> EXERCISE BRIEF
Reproduce the listing in full. Omit the pictures.

> SUPPLIED DATA
══════════
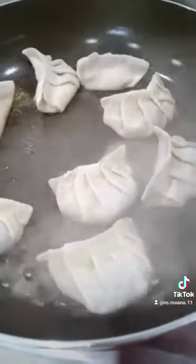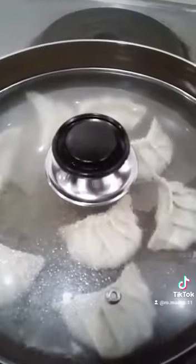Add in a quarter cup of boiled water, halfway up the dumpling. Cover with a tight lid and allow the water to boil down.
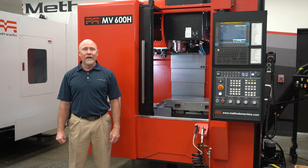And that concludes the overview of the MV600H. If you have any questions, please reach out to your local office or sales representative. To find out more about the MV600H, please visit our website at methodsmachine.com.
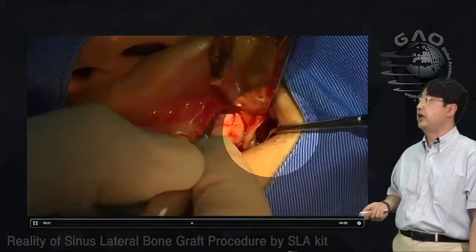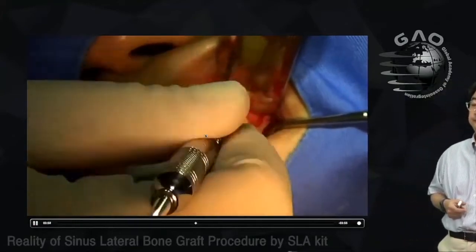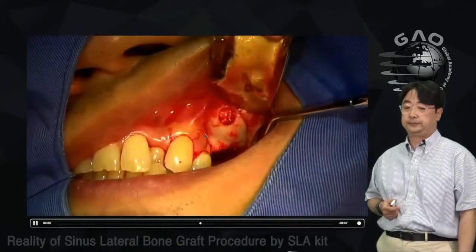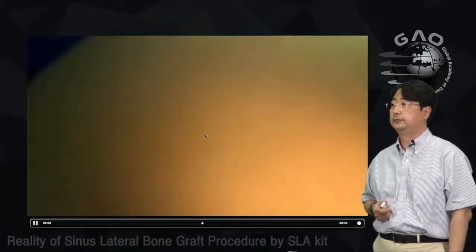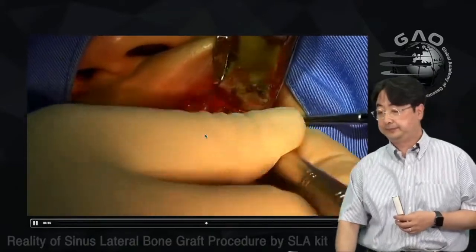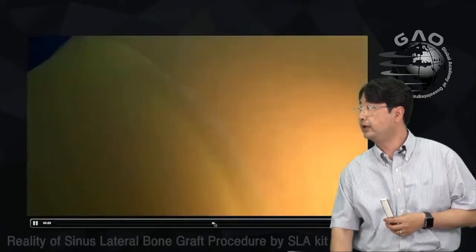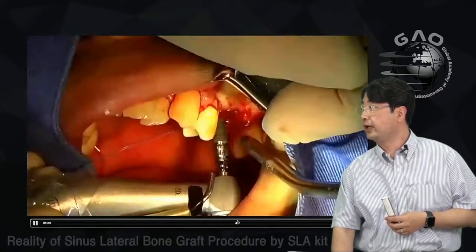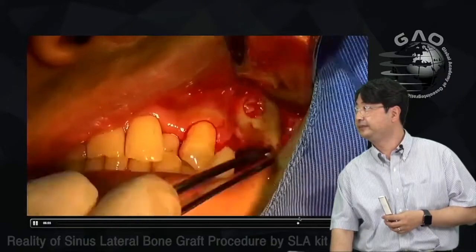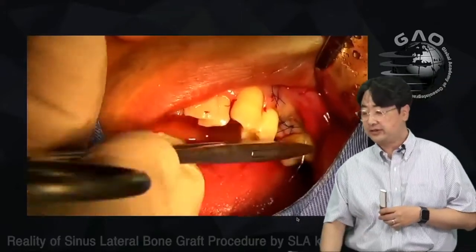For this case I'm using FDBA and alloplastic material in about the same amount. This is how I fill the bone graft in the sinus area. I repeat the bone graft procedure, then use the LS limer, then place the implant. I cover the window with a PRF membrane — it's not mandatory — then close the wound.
══════════
> RESPONSE AREA
Add in a quarter cup of boiled water, halfway up the dumpling. Cover with a tight lid and allow the water to boil down.
And that concludes the overview of the MV600H. If you have any questions, please reach out to your local office or sales representative. To find out more about the MV600H, please visit our website at methodsmachine.com.
For this case I'm using FDBA and alloplastic material in about the same amount. This is how I fill the bone graft in the sinus area. I repeat the bone graft procedure, then use the LS limer, then place the implant. I cover the window with a PRF membrane — it's not mandatory — then close the wound.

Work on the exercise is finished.